The answer is obvious to anyone that’s ever looked at their Google Analytics: yes, absolutely. You can see this clearly in the statistics — students come in and do a couple things in very fast succession:
- Check tuition cost
- Check financial assistance information
- Maybe, though hardly ever, check to see if we offer a specific degree. (They almost never look for information about the degree — the question is simply whether we have that degree).
Then it’s to a decision point — send me the application, apply online, or, in the case of Keene State — schedule a campus tour (the option we really push, since it seems to be the most beneficial to the student and to us).
Why this surprises people I have no idea. But it continues to surprise people, who wonder why we don’t put reams of material about program X or Y in between that student hitting the home page and the link to the campus tour.

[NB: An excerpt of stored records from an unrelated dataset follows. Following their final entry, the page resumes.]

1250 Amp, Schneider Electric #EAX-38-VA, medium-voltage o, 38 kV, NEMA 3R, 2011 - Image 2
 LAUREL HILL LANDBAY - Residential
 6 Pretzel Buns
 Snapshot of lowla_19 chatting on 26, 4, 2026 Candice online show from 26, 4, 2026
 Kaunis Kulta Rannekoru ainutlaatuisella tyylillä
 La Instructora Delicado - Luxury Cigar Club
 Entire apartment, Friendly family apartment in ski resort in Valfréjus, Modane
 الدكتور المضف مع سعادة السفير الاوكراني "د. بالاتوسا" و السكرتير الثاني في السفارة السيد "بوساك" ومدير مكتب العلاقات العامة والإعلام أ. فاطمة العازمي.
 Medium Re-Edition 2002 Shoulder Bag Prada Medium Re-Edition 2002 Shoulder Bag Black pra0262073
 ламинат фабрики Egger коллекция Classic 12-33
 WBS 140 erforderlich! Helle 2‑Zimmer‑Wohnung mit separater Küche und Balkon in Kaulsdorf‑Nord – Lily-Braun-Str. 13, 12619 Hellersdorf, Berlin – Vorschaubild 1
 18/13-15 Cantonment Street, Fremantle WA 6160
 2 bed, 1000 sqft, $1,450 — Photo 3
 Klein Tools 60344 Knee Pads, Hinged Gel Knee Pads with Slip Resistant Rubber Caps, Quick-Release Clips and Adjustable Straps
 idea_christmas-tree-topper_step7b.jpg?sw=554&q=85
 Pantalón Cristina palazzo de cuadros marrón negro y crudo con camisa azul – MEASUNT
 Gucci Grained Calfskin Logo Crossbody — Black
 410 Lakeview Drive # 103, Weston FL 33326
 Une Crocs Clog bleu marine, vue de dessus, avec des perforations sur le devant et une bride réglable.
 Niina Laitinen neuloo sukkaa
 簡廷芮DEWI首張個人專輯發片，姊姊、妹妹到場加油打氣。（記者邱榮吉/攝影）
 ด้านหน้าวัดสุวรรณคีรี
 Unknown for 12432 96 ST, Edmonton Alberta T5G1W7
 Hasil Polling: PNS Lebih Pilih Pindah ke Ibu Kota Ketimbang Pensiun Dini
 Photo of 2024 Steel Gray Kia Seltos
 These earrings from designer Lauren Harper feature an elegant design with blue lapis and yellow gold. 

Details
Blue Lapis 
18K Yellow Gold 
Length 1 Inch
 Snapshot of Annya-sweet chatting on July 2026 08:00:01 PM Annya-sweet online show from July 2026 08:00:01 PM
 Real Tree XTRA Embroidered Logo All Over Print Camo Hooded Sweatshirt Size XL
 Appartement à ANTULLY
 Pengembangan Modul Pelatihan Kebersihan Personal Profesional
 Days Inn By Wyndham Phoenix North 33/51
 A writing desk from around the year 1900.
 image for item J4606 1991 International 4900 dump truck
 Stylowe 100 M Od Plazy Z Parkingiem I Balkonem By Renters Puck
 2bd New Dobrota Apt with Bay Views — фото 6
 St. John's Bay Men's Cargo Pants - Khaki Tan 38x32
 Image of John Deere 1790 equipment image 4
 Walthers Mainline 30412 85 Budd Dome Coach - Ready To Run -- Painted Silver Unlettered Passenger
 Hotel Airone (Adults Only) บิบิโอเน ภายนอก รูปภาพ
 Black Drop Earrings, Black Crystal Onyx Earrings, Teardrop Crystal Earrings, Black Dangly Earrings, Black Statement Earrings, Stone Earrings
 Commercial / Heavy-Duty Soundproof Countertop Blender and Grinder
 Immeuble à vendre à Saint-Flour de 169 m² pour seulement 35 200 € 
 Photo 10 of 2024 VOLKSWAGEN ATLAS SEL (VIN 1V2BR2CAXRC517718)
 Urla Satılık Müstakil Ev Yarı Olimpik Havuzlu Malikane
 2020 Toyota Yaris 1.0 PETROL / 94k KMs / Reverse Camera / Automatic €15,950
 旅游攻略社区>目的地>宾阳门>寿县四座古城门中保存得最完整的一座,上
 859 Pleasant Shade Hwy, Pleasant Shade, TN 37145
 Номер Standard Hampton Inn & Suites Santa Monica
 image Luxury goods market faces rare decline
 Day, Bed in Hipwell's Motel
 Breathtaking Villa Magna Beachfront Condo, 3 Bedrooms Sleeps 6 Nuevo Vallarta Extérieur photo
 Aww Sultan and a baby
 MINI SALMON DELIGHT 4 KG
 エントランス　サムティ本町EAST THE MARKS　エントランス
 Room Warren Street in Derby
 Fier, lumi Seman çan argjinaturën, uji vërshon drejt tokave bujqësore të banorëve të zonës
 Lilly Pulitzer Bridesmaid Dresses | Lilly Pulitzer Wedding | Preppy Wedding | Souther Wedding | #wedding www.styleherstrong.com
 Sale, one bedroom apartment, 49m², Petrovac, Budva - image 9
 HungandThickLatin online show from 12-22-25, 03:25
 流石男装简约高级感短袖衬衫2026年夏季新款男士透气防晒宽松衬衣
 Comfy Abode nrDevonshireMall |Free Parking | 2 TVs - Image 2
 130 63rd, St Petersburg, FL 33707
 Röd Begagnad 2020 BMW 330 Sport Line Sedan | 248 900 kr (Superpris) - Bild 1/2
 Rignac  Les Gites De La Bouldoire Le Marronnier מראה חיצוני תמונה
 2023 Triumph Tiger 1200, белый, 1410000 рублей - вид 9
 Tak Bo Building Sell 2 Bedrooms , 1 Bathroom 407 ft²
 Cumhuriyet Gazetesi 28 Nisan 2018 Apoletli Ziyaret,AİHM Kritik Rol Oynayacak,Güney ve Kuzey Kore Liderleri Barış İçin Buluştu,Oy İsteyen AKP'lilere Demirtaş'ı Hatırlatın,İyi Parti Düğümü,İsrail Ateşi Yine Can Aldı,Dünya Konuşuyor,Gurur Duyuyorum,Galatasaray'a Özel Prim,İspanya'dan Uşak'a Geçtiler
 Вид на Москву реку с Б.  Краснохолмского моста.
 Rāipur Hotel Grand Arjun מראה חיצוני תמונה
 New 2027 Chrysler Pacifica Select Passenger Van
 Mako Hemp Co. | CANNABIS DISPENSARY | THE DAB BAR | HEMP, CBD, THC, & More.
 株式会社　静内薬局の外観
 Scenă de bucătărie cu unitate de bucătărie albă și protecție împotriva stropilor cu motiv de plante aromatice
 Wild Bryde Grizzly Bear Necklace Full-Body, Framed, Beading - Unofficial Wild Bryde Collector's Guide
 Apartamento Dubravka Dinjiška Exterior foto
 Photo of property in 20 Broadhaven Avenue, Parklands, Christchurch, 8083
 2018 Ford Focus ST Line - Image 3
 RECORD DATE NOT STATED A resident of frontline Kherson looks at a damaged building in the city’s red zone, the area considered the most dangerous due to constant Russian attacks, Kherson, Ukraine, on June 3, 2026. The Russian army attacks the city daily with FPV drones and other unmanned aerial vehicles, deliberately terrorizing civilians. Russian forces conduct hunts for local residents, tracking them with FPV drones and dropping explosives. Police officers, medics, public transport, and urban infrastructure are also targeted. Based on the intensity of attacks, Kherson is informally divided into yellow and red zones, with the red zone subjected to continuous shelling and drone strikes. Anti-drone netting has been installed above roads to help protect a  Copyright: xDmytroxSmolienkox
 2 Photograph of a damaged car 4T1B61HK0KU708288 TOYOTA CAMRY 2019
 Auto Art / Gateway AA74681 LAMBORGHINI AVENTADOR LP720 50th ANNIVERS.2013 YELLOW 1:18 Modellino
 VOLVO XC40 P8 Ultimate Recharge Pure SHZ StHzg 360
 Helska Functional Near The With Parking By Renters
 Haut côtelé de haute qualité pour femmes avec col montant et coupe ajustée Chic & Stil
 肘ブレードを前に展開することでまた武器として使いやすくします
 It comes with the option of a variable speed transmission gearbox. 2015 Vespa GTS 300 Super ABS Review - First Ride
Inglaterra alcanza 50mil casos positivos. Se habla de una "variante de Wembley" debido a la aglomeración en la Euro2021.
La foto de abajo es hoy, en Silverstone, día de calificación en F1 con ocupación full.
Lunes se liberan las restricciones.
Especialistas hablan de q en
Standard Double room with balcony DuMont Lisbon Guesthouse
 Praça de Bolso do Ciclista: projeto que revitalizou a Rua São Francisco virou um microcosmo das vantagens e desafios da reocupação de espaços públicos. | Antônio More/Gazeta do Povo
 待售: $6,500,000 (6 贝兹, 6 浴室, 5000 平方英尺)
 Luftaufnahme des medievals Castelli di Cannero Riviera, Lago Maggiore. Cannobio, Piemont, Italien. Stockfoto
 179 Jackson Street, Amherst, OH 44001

The answer is that the student applying here has already made their decision before they hit the home page — or at least made enough of a decision to schedule a campus tour. Marketing information has to be done well on a site like keene.edu — but it’s in broad strokes — they’ve come in sold on taking that tour, assuming you handle that last five yards well.
[This isn’t always the case with parents, who are often perusing the materials looking for the general “tone” of the college, but that’s a post for another day].
So what is that decision based on? This decision to give you a chance that’s made before they even type “Keene State College” into Google?
It’s reputation. Word of mouth, the comments on Facebook or MySpace, Livejournal articles, what they saw on YouTube, what their high-school friends that came here last year told them. And maybe even importantly for this generation, it’s what their parents may have heard on NHPR, or seen in the Concord Monitor, Newsweek, or USA Today.
And eventually, if we let it, it’s through perusing the artifacts of the truly Visible University — YouTubes of recitals, videos of football games, discussion boards of classrooms, student projects posted online.
So in a world we we cannot control what prospective students (and donors) see about us, what’s left for us to do?
I believe the key is to engage those channels in an honest and helpful way, through embracing transparency and creating a culture of engagement. In a post .edu world, that’s where our message has to go.
More on how to do that later. But give the article a gander, it’s five paragraphs, and a good starting point.